U.S. natural gas production continued to increase in August despite relatively low natural gas spot prices, setting a new daily production record of 92.1 Bcfd on August 5, 2019, according to data from OPIS PointLogic Energy. Natural gas production increased by 1.5 Bcfd (2.5%) between May and August 2019, led by production gains primarily in the Northeast. The northeastern region continues to be the largest natural gas-producing region in the country, accounting for 34% of the U.S. total. Average daily production levels in that region reached a new high of 32.2 Bcfd in the first week of August, 1.5 Bcfd higher than its monthly average in May.
Natural gas spot prices have been on a downward trend since early spring. Henry Hub spot natural gas prices are at a multi-year low, despite storage inventories ending withdrawal season at their lowest levels since 2014. On Monday, August 5, the spot price of natural gas at the Henry Hub closed at its lowest price since May 30, 2016, at $2.02 per million British thermal units (MMBtu)—down from $2.95/MMBtu on March 15.

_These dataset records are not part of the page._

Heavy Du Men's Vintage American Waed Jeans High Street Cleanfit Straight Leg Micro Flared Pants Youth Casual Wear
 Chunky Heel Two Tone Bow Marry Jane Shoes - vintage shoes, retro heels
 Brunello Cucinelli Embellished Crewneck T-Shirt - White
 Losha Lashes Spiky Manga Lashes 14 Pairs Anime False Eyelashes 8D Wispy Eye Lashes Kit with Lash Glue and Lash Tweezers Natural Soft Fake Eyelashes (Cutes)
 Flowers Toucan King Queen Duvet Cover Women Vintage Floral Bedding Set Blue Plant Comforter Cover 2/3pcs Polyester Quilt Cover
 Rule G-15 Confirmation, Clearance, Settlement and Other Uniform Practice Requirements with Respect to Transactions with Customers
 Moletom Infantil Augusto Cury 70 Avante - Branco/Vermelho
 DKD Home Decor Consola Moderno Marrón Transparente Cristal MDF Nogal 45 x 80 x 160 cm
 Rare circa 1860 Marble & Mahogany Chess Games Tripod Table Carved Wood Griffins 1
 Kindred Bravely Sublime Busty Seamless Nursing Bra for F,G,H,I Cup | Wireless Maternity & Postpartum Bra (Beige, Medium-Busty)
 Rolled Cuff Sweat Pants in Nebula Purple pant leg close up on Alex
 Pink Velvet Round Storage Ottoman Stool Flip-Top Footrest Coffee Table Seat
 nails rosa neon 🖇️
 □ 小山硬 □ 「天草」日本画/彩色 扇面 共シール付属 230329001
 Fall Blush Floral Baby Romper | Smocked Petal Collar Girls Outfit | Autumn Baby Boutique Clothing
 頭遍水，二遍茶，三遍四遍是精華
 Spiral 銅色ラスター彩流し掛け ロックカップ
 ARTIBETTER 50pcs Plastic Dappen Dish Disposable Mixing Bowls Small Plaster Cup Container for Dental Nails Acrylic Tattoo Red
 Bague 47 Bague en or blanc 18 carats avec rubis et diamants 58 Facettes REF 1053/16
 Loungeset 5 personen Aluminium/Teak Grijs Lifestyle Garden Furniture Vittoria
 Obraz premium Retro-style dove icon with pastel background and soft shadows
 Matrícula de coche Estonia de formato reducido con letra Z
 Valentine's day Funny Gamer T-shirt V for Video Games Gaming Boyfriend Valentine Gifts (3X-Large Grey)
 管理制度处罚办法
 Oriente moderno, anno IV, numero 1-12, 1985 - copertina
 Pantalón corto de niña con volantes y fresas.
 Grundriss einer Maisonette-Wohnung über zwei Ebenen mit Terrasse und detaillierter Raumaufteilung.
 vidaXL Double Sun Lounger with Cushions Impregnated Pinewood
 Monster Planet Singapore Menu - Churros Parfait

Record levels of natural gas production growth continue to put downward pressure on prices. This summer, prices have continued to decline despite high levels of natural gas exports and increased consumption in the electric generation sector. Prices averaged $2.40/MMBtu in June and $2.37/MMBtu in July as growth in natural gas production continued to offset growth in consumption.
Natural gas storage has been absorbing a significant amount of this production. This injection season started with working natural gas inventories 30% lower than the previous five-year (2014–18) average during the same period. By the week ending August 9, working gas inventories were at 111 Bcf, or 4%, lower than the five-year average of 2,849 Bcf. EIA forecasts that natural gas storage levels will be about 3,700 Bcf by the end of October, which is slightly higher than the five-year average.